WHAT THE TASK ASKS: Begin with the line containing "Biała pomadka ochronna" and copy every line after it to the end of the entries, exactly, leaving out the lines before it.

MATERIALS PROVIDED:
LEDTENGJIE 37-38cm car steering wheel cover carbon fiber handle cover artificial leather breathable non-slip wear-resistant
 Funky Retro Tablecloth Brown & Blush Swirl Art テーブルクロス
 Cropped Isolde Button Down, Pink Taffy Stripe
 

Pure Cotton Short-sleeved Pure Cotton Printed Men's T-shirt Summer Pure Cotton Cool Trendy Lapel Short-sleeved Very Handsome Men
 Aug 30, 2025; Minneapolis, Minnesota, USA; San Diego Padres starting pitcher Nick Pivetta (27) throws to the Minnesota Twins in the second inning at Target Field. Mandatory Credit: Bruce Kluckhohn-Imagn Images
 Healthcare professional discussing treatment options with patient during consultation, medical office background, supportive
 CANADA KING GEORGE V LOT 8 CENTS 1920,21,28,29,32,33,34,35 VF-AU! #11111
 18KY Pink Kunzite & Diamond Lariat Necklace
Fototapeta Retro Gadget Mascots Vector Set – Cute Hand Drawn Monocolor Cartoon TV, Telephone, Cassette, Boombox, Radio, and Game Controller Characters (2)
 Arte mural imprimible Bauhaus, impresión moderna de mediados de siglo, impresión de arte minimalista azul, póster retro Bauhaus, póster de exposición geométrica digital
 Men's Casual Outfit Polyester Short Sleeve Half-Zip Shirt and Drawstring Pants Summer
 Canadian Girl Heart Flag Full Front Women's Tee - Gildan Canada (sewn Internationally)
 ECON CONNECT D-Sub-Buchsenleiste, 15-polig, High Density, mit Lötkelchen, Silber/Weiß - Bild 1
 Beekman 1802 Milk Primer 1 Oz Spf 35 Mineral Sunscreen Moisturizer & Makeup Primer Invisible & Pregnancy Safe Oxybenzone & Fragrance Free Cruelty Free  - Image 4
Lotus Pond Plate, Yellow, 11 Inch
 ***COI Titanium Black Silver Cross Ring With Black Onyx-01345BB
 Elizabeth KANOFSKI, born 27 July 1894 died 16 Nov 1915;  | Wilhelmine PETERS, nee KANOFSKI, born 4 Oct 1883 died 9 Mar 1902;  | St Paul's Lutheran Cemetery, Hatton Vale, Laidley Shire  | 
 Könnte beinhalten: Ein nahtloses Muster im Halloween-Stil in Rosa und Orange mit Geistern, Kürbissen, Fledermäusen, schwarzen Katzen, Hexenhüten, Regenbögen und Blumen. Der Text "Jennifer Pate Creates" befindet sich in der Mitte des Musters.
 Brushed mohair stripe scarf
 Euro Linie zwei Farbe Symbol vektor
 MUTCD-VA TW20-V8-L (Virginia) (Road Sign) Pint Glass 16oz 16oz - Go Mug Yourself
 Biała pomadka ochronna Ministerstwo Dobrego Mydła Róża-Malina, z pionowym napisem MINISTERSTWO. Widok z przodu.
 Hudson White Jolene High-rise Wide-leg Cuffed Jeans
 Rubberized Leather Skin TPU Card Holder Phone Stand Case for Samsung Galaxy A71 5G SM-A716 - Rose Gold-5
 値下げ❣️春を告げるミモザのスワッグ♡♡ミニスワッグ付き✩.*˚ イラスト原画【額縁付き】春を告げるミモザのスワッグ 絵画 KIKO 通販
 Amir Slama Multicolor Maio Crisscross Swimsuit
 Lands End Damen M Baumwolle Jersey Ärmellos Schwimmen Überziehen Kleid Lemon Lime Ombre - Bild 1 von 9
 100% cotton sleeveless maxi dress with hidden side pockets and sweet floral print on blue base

OUTPUT BELOW:
 Biała pomadka ochronna Ministerstwo Dobrego Mydła Róża-Malina, z pionowym napisem MINISTERSTWO. Widok z przodu.
 Hudson White Jolene High-rise Wide-leg Cuffed Jeans
 Rubberized Leather Skin TPU Card Holder Phone Stand Case for Samsung Galaxy A71 5G SM-A716 - Rose Gold-5
 値下げ❣️春を告げるミモザのスワッグ♡♡ミニスワッグ付き✩.*˚ イラスト原画【額縁付き】春を告げるミモザのスワッグ 絵画 KIKO 通販
 Amir Slama Multicolor Maio Crisscross Swimsuit
 Lands End Damen M Baumwolle Jersey Ärmellos Schwimmen Überziehen Kleid Lemon Lime Ombre - Bild 1 von 9
 100% cotton sleeveless maxi dress with hidden side pockets and sweet floral print on blue base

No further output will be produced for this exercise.